[What you are asked to do] Your task is to restate the listing word for word without the pictures.

□ □ □ □ □ □ □

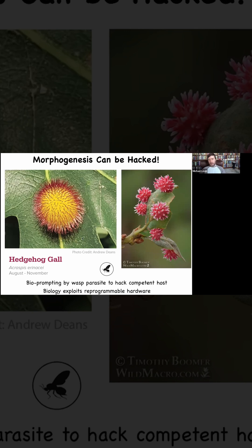But along comes this non-human bioengineer — this wasp, which is a parasite — which puts down some signals for the plant cells and hacks them. It hacks the morphogenesis exactly the way I've been showing you that we can hack morphogenetic outcomes in animals, and it causes these plant cells to build this incredible spiky round thing, or even this. These are galls, and we would have had no idea what these cells are capable of if we didn't see this amazing example of bioprompting or reprogrammability.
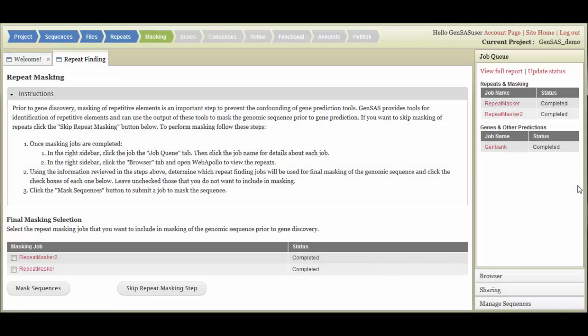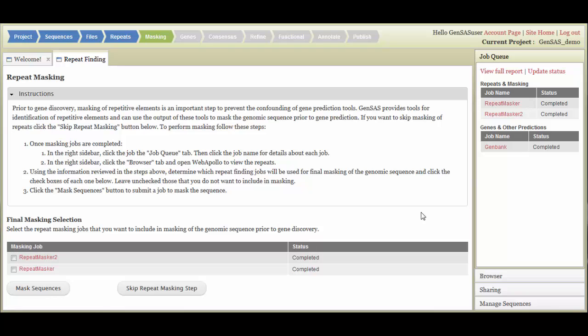Once all your repeat finding jobs have completed, you can use the Masking tab to create a mass consensus sequence for use with the other annotation tools. If you are working on a prokaryote or virus, just click the Skip Repeat Masking step to proceed to the Genes step. For eukaryotes, before starting the Masked Consensus, you will need to decide which sets of repeat data to include.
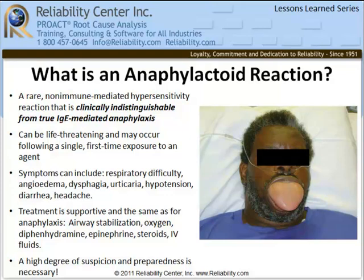Anaphylactoid and anaphylactic reactions look and kill the same. Patients may experience the full range of symptoms: respiratory distress, low blood pressure, tongue and lip swelling, difficulty breathing and swallowing, and widespread hives. There's no diagnostic test for an anaphylactoid reaction — it's a clinical diagnosis you make when you see a patient that looks like the picture on this slide. Treatment is supportive and the same as for anaphylaxis: airway stabilization, oxygen, diphenhydramine, epinephrine, steroids, and IV fluids.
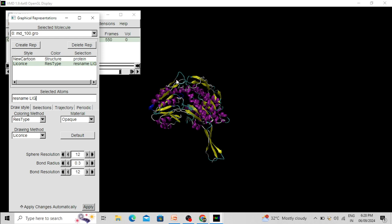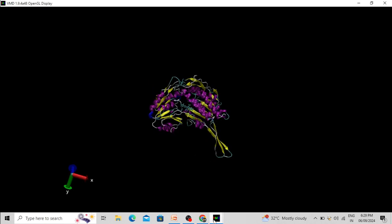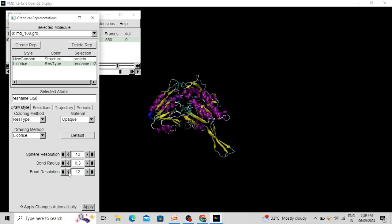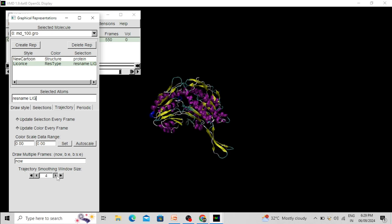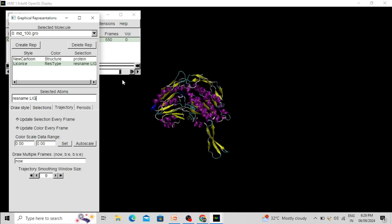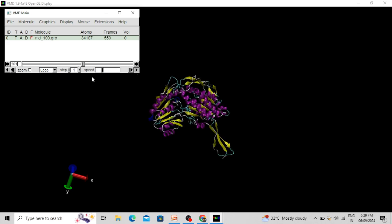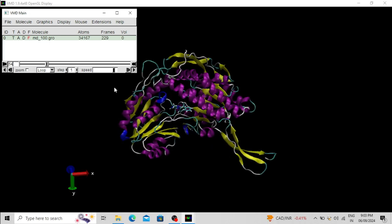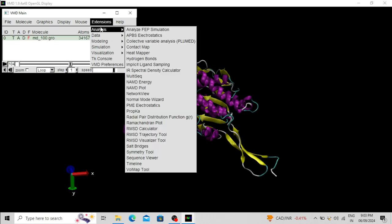Now only the protein molecule and ligand molecule are present. If you want to smooth the trajectory there is an option for trajectory smoothing. You can also change the speed of the simulation to slow it down. Now it's time to create the video — click Extensions, then Visualization, then Movie Maker.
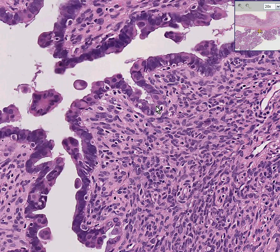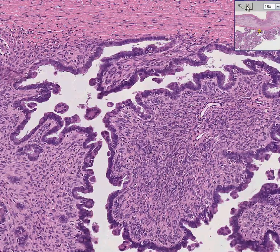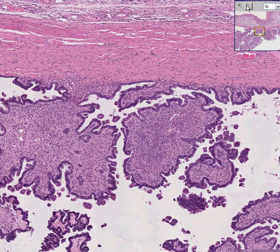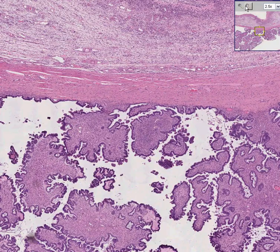Specifically, it could have been called, for example, a papillary serous tumor of borderline, or perhaps of borderline malignant potential. Thank you very much.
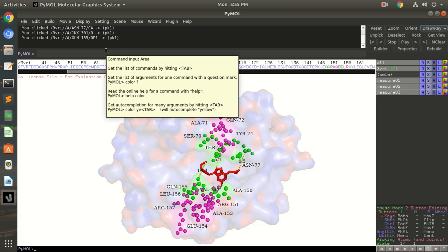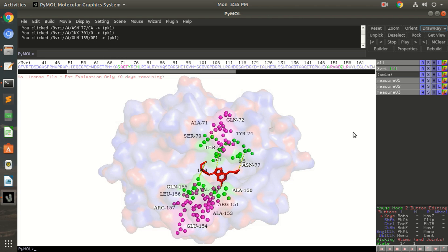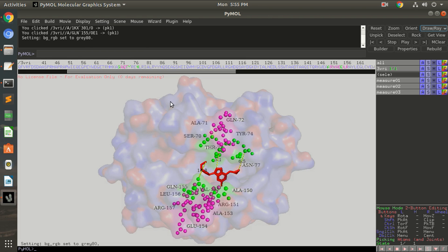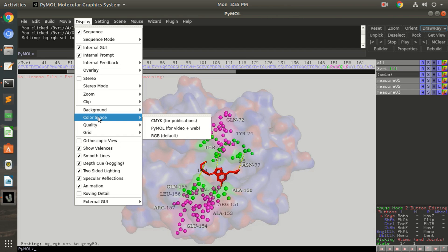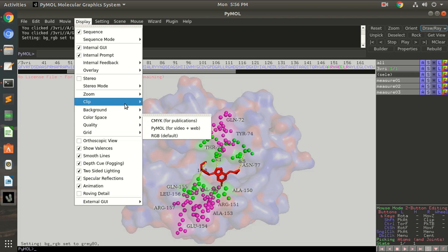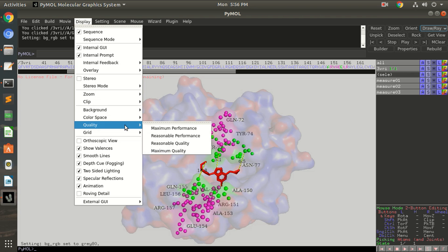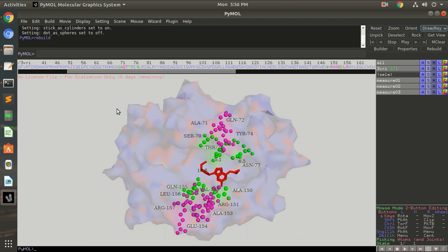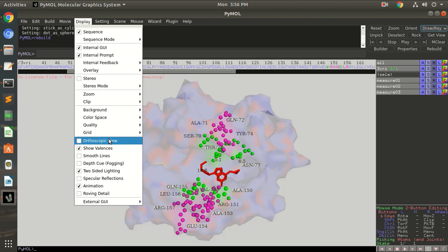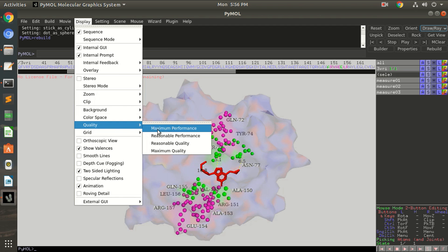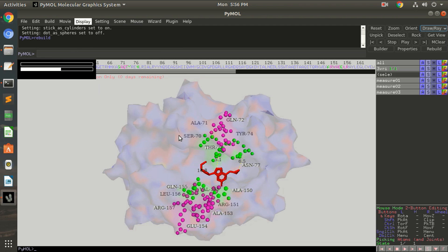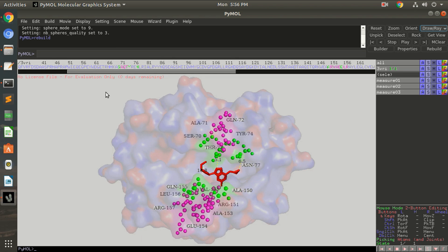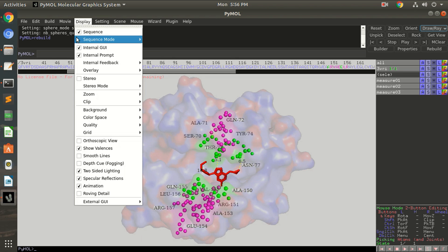So that much you can do with your protein complex. But there is always more. You can change the display settings. You can set the background to light gray or whatever you want. If you want to set it for publications or video web, I always keep it defaulted RGB. You can change the quality to get maximum performance, but I think it's better to keep it at a reasonable performance.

□ □ □ □ □ □ □

[Your response]
But along comes this non-human bioengineer — this wasp, which is a parasite — which puts down some signals for the plant cells and hacks them. It hacks the morphogenesis exactly the way I've been showing you that we can hack morphogenetic outcomes in animals, and it causes these plant cells to build this incredible spiky round thing, or even this. These are galls, and we would have had no idea what these cells are capable of if we didn't see this amazing example of bioprompting or reprogrammability.
Once all your repeat finding jobs have completed, you can use the Masking tab to create a mass consensus sequence for use with the other annotation tools. If you are working on a prokaryote or virus, just click the Skip Repeat Masking step to proceed to the Genes step. For eukaryotes, before starting the Masked Consensus, you will need to decide which sets of repeat data to include.
Anaphylactoid and anaphylactic reactions look and kill the same. Patients may experience the full range of symptoms: respiratory distress, low blood pressure, tongue and lip swelling, difficulty breathing and swallowing, and widespread hives. There's no diagnostic test for an anaphylactoid reaction — it's a clinical diagnosis you make when you see a patient that looks like the picture on this slide. Treatment is supportive and the same as for anaphylaxis: airway stabilization, oxygen, diphenhydramine, epinephrine, steroids, and IV fluids.
Now only the protein molecule and ligand molecule are present. If you want to smooth the trajectory there is an option for trajectory smoothing. You can also change the speed of the simulation to slow it down. Now it's time to create the video — click Extensions, then Visualization, then Movie Maker.
Specifically, it could have been called, for example, a papillary serous tumor of borderline, or perhaps of borderline malignant potential. Thank you very much.
So that much you can do with your protein complex. But there is always more. You can change the display settings. You can set the background to light gray or whatever you want. If you want to set it for publications or video web, I always keep it defaulted RGB. You can change the quality to get maximum performance, but I think it's better to keep it at a reasonable performance.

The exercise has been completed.